Starbucks Awards HRO Deal to Convergys
Without knowing the terms, it’s difficult to guess its value, but analysts estimate that it’s below average.
“The average deal is around $400 to $500 per employee, and I would expect that this is much lower,” says Michel Janssen, managing director at the Hackett Group, noting retail employees aren’t as costly as other industries.
Assuming that the contract is seven years, the average length of most HRO agreements, IDC estimates the value of the contract to be between $350-400 million, well below some of the industry's biggest deals, which range around $1 billion.
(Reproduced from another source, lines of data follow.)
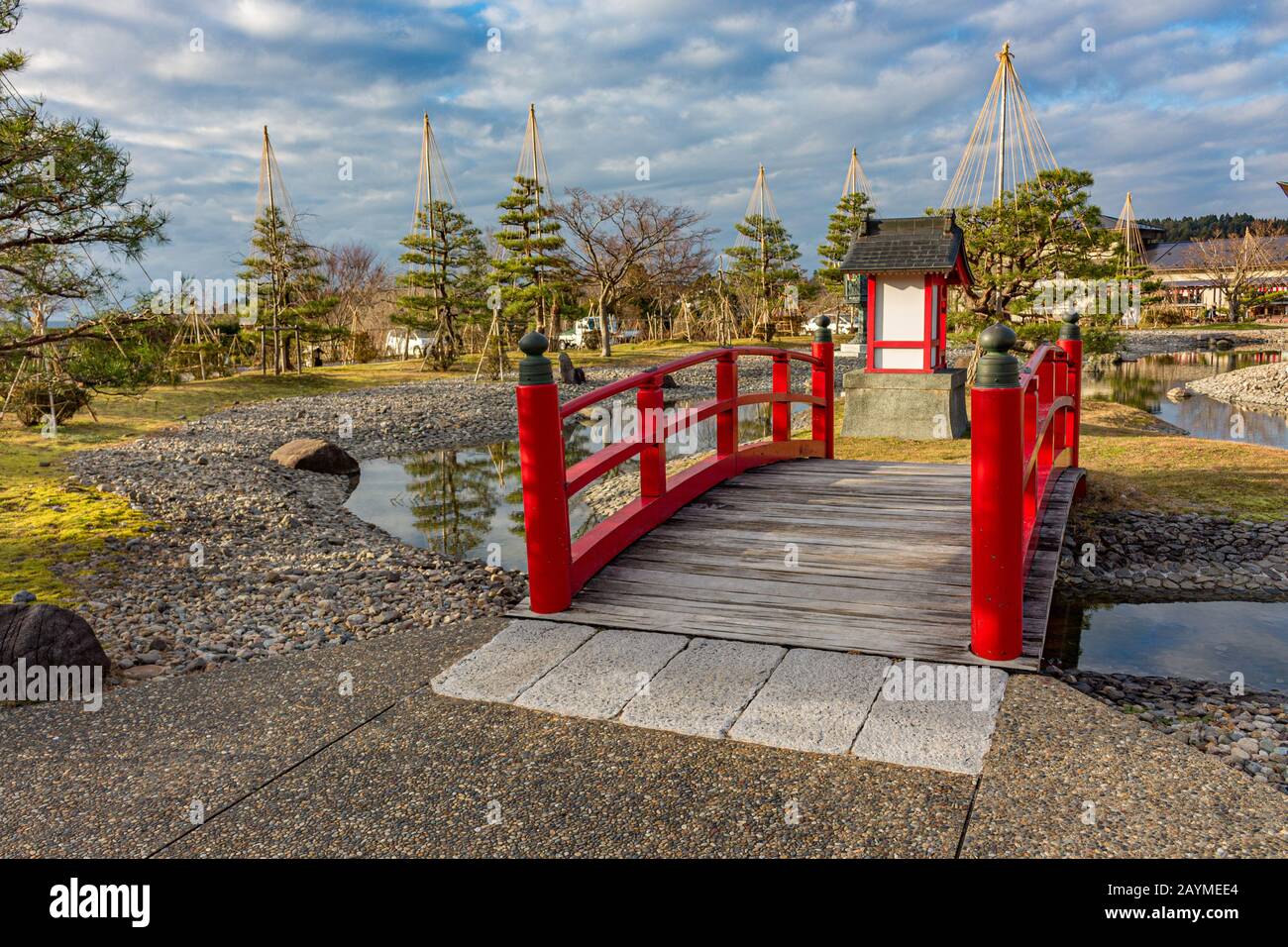 Traditionelle rote Holzbrücke, Teich und Kiefern mit Yukizuri-Seilen, Kurikarafudoji-Tempel, Tsubata, Japan. Stockfoto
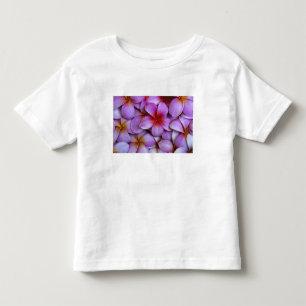 N.A., USA, Maui, Hawaii. Pink Plumeria blossoms. Toddler T-shirt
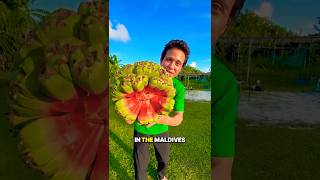 Trying the World’s Most Bizarre Fruit!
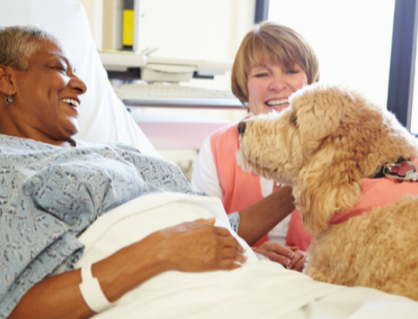 “Bạn đồng hành” đặc biệt của những người bệnh tâm thần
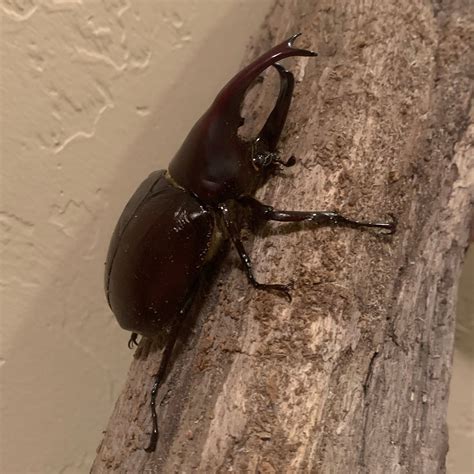 Gallegos Zoological Supply - exotic animals for sale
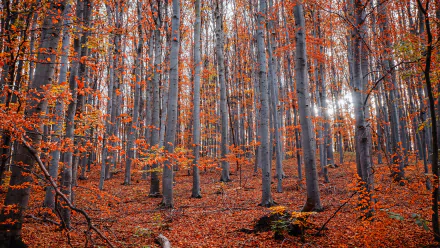 4K Ultra HD PC desktop wallpaper featuring a vibrant fall forest scene with tall trees and bright orange leaves carpeting the ground.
Regardless of the deal’s value, the Starbucks contract is a good win for Convergys because it’s such a big brand name, says Jason Corsello, a vice president at human capital management consulting firm Knowledge Infusion.
“Brand is very important, because this is a ‘me too’ market and early adopters like to see their competitors in their industries doing the same thing,” he says. To date, there have been few HRO deals in the retail sector, but this contract could spark more, Corsello says.
Corsello believes Convergys won the deal because, unlike other HRO providers, it’s willing to take on just some of the HR processes with the hopes of adding on to the deal later, rather than taking on all processes at once.
“Convergys is willing to build up, while Accenture and IBM really only want the big-bang deals,” he says.
For Starbucks, the agreement with Convergys enables the coffee retailer to continue growing at an aggressive pace, Borrman says.
“This is a way for us to continue to grow our infrastructure,” he says. Starbucks plans to add 10,000 stores in the next four years, which averages out to about six stores a day. The deal will affect some jobs within the company, but Starbucks will find other positions for those employees, Borrman says.
The reasons behind Starbucks doing this deal are significant for the HRO industry, Janssen says.
“This is probably one of the first deals I know that was signed because of the client’s need to grow, rather than fix a broken platform,” he says. And that’s bodes well for the HRO industry, according to Janssen. “What this is saying is that it’s no longer just about saving costs, it’s about supporting growth strategies,” he says.